Scientific Beta Multi-Strategy Factor Indices: Combining Factor Tilts and Improved Diversification
This paper by EDHEC argues that current smart beta investment approaches only provide a partial answer to the main shortcomings of cap-weighted indices, and introduces Scientific Beta Multi-Strategy Factor Indices which are constructed using a new approach to equity investing referred to as smart factor investing.
It then provides an assessment of the benefits of addressing the two main problems of cap-weighted indices (their undesirable factor exposures and their heavy concentration) simultaneously by constructing factor indices that explicitly seek exposures to rewarded risk factors, while diversifying away unrewarded risks.

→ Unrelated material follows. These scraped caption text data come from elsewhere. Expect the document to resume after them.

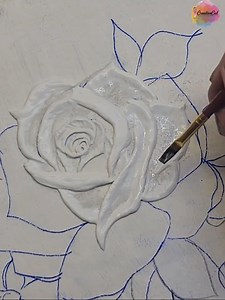 616K views · 7.3K reactions | Wait for the mesmerizing end result | CreativeCat | Facebook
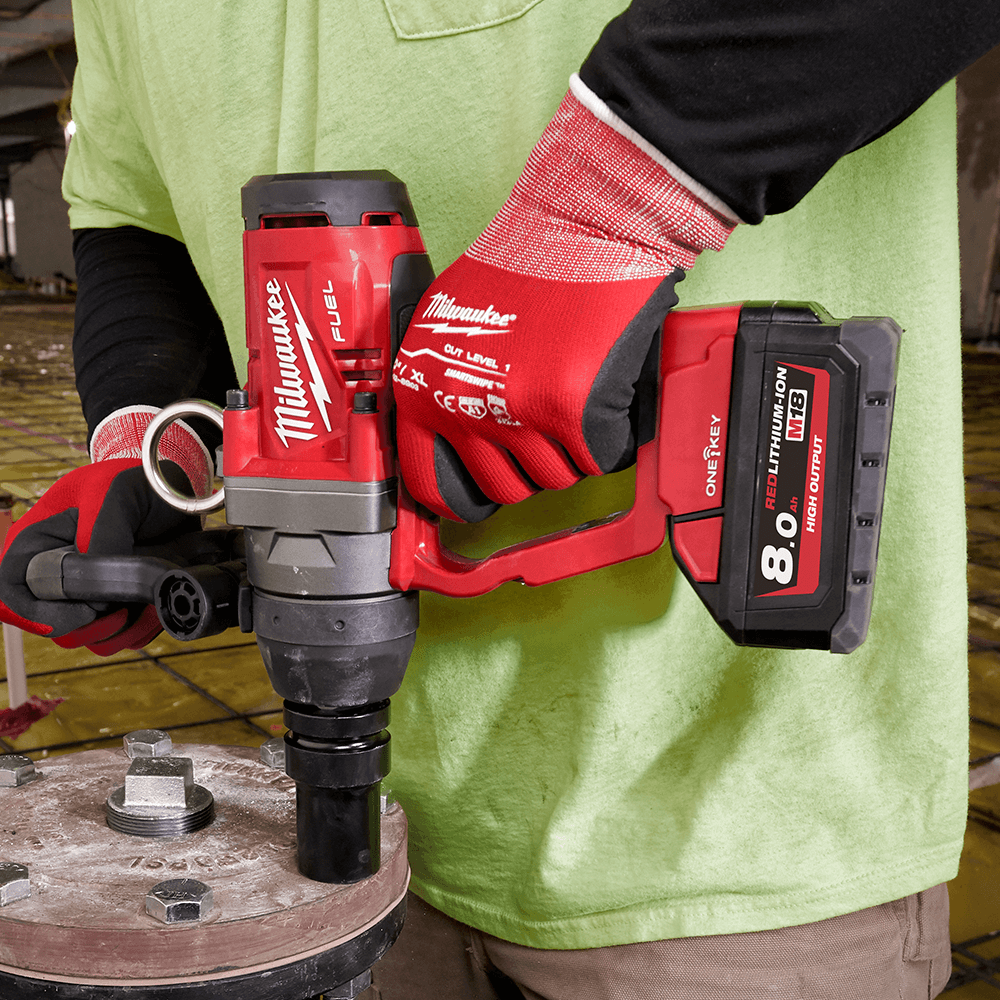 High Torque Impact Wrench 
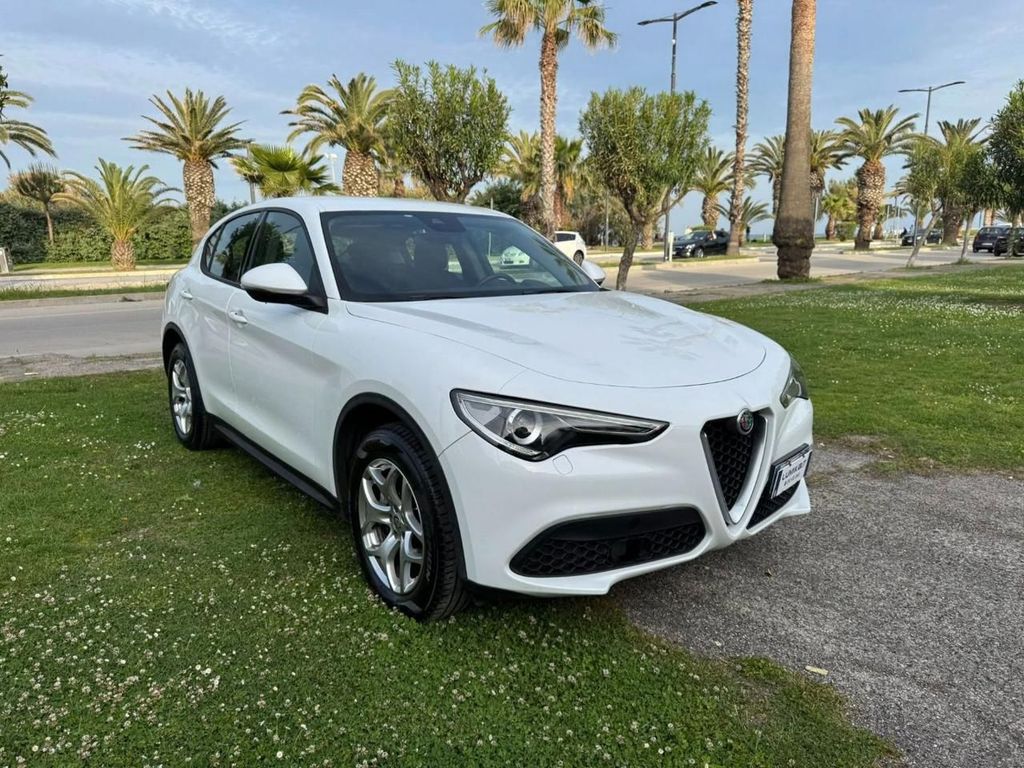 Image of Alfa Romeo Stelvio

The results suggest that ERI Scientific Beta Multi-Strategy Factor Indices lead to considerable improvements in risk-adjusted performance. For long-term US data, smart factor indices for a range of different factor tilts consistently outperform cap-weighted factor tilted indices, and factor indices from popular commercial index providers. Compared to the broad cap-weighted index, smart factor indices roughly double the risk-adjusted return (Sharpe ratio). Outperformance of such indices persists at levels ranging from 2.92% to 4.46% annually, even when assuming unrealistically high transaction costs. Moreover, by providing explicit tilts to consensual factors, such indices improve upon many current smart beta offerings where, more often than not, factor tilts result as unintended consequences of ad hoc methodologies.